Beyond the glowing green and red lights, past the shimmering silvery tinsel, around the fragrant pine boughs, another Christmas lingers—a Christmas of contradictions.
This is a Christmas where carved foam soldiers guard Santa in the parking lot of a church just before a holiday parade. This is a Christmas where thousands of Santas run in an annual fundraising race, a sea of red hats and performance apparel. This is a Christmas where garages and homes are transformed into elaborate, festive wonderlands. This is a Christmas where Christian families re-enact the birth of Christ while at the same time, somewhere Santa plays pool in a bar. In short, a Christmas where more is more is more.
This Christmas is complex and at times, uncomfortable. It’s awkward and sometimes bleak. But it is also sincere and celebratory, colorful and creative.
This is the Christmas I capture in this first chapter of a photographic exploration of the biggest event on the American calendar. I grew up in a secular home and at times felt like a Christmas outsider, never connected to the holiday’s religious importance, or its more extreme cultural trappings.
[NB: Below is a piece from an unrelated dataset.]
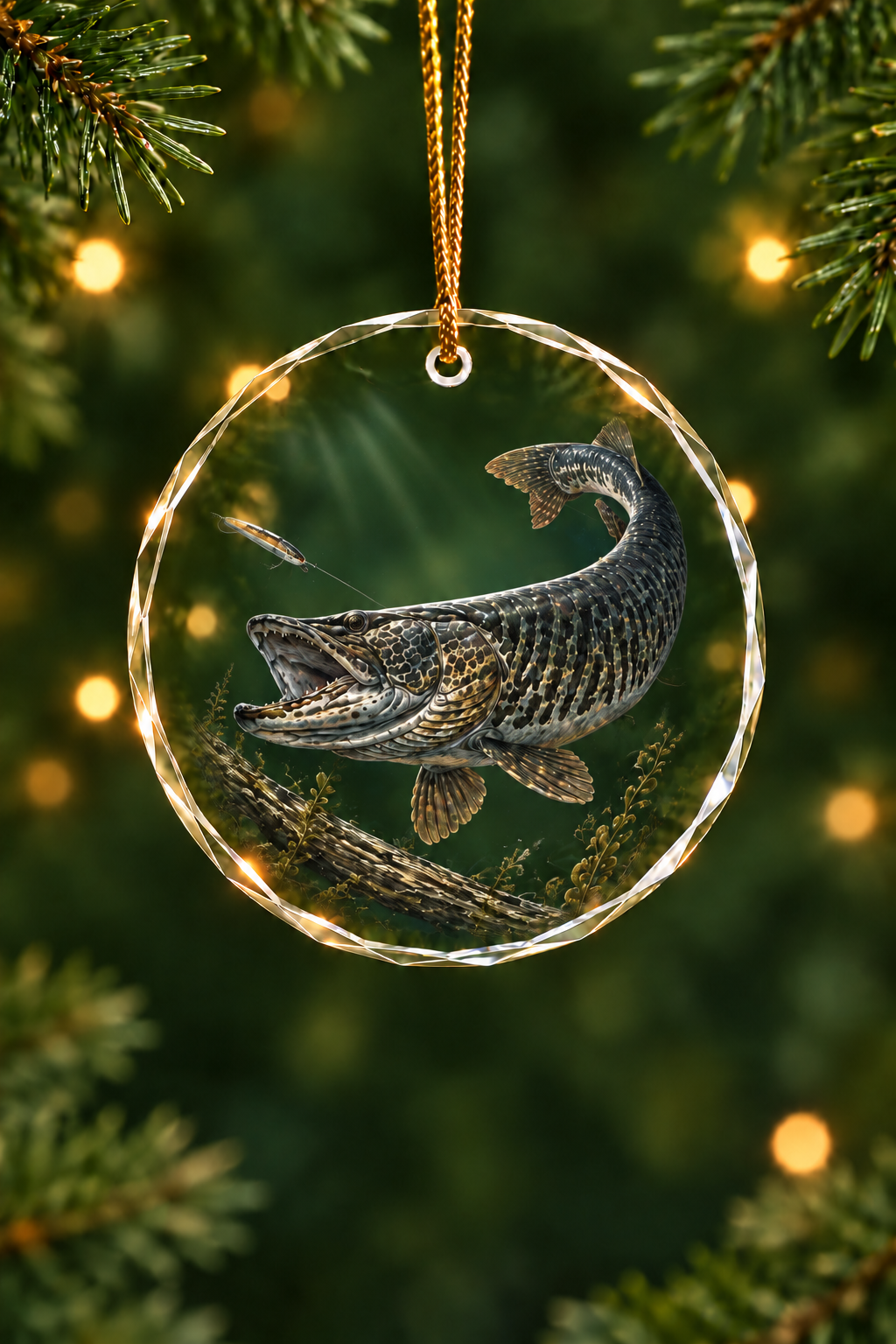 Deep Dusk Muskie Glass Ornament, Fisherman Christmas Gift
But in these photos, I become a Christmas insider, working to discover and reveal what holiday magic, or mania, compels so many to devote thousands of hours to hanging lights, to carving and painting figurines, to building miniature villages, to converting their homes, yards, garages and cars into monuments at the altar of merriness.
Initially inspired by the absurdity of a five-story inflatable Santa who appeared to be guarding a tree lot, I have launched this survey of uniquely American Christmas traditions. “Christmas in America” is an unvarnished examination of the ways people mark the holiday’s meaning.